What you should do:
Only the lines from the one containing "Volkswagen'den Çin otomobil" through the end of the entries should be repeated, exactly as they appear, first and last included.

(Data entries)
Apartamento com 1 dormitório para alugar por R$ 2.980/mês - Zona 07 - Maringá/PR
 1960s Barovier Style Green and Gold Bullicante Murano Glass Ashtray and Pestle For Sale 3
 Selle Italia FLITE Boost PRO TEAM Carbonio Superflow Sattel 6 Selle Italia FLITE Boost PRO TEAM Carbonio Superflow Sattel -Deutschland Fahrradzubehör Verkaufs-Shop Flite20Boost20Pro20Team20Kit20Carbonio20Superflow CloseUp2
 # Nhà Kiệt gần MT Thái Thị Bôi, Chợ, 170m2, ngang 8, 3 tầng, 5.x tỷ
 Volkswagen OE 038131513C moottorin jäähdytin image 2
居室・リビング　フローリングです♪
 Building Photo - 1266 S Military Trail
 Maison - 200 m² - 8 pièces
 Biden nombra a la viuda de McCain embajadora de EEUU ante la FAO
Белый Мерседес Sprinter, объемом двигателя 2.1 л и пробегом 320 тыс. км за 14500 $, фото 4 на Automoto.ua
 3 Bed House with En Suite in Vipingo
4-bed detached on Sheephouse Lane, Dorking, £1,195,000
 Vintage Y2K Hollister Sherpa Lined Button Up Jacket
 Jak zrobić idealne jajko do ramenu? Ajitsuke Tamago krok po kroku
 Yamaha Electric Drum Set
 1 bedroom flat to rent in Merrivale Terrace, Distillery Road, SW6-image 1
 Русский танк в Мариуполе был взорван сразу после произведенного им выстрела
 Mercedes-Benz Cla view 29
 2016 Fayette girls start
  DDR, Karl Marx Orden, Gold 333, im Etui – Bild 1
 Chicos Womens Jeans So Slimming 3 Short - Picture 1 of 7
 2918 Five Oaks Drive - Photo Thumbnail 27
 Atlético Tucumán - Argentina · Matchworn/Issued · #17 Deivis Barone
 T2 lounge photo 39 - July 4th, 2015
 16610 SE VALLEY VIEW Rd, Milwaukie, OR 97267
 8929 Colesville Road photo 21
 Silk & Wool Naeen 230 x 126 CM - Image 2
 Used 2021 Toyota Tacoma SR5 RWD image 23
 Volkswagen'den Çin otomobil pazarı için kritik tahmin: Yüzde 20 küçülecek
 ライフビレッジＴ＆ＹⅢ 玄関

Response area:
 Volkswagen'den Çin otomobil pazarı için kritik tahmin: Yüzde 20 küçülecek
 ライフビレッジＴ＆ＹⅢ 玄関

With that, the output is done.